The pair were officially named to their respective posts last month, shortly after the club's change in ownership was made official in late December, and for both men, there was a sense of returning to their roots. Bezbatchenko is a native of nearby Westerville, Ohio, attending Crew games during his high school years. Porter's first head-coaching job was at the University of Akron, spending seven seasons there and winning a national championship in 2010.
Such sentiments must now be pushed to the side, even as fans continue to be warmed by the herculean effort put forth that resulted in the Crew remaining in Columbus. There is work to be done, and without much effort, Bezbatchenko rattled off the litany of tasks that have been put before him.
"We've got to push our roster forward. We have to follow up with our commitments to our fans, and hopefully they can do the same with their pledges for season tickets," said Bezbatchenko via telephone. "We have to get working on our stadium and our training ground, but most importantly, from a 30,000-feet perspective, we need to continue this momentum."

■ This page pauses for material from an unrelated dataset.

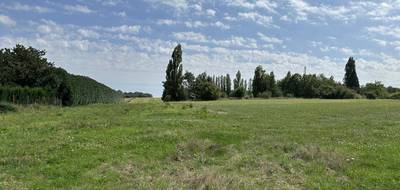 Terrain seul à Vallery en Yonne (89) de 1000 m² à vendre au prix de 36000€ - 2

Yet there is also a wariness about Bezbatchenko's approach, born of his five-plus years as the GM of Toronto FC. In many respects, his current environment is the opposite of what he faced with TFC. In Toronto, the business side was relatively stable, while the on-field product was anything but. For the Crew, the team's performances provided stability amid the twists, turns and altitude changes taking place off it. In both instances, there was upheaval, leading Bezbatchenko to avoid rushing headlong into anything even amid promises of additional resources from the new ownership group headlined by the Haslam and Edwards families.

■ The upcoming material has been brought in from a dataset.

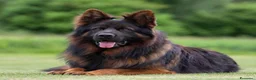 Pastore Tedesco cani in vendita: Cuccioli di pastore tedesco grigio focato - Annuncio 5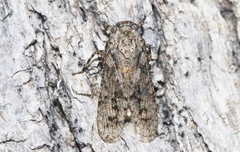 Alphina glauca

"We have a new coach, GM and president, so it's really just making sure that the pieces fit together during this moment of transition and that we don't make any hasty decisions," said Bezbatchenko. "That's sometimes what you do to your roster when you're in moments of transition; that's when other teams can take advantage of you.

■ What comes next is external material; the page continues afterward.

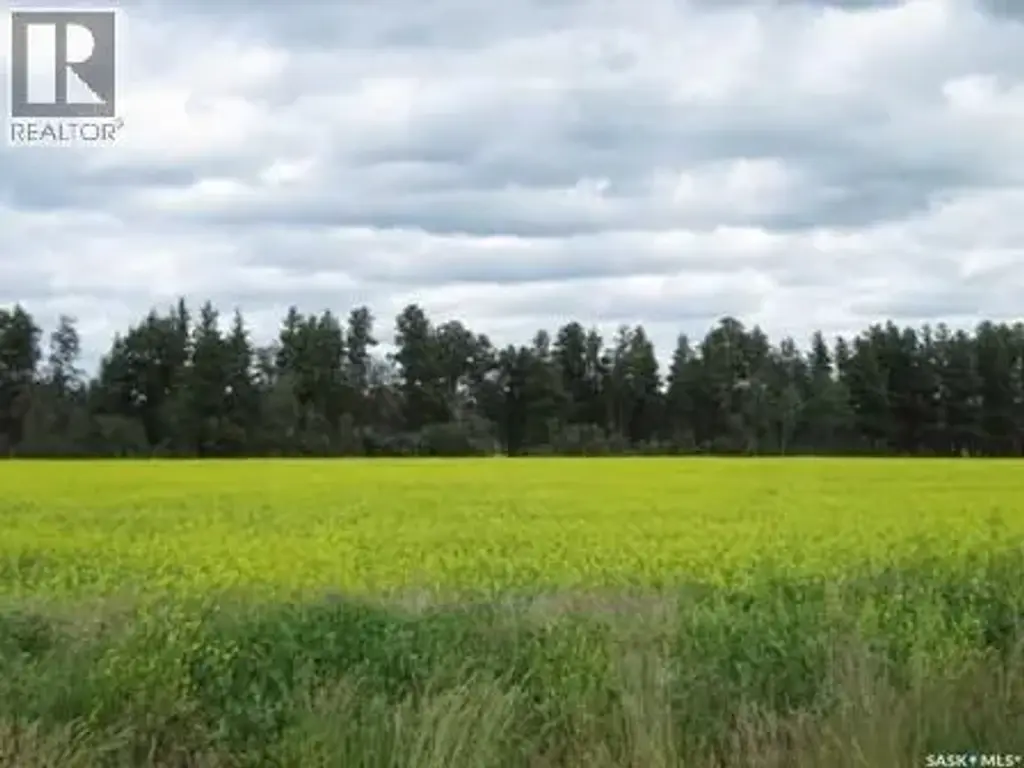 Lot 10 Parcel 3.55 Acres, Nipawin Rm No. 487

"If we sign high-end DPs, you're going to be signing them to multiyear contracts. It will be difficult to get them all on loan. The last thing we want to do is enter into all these long-term contracts now and sort of shoot ourselves in the foot for building momentum towards our new stadium."
Normally, that's the kind of talk that drives coaches crazy. The preference is, of course, to spend money and thus improve the roster. It was the promise of greater resources that helped clinch the arrival of both Bezbatchenko and Porter, but Porter has no problem with a go-slow approach.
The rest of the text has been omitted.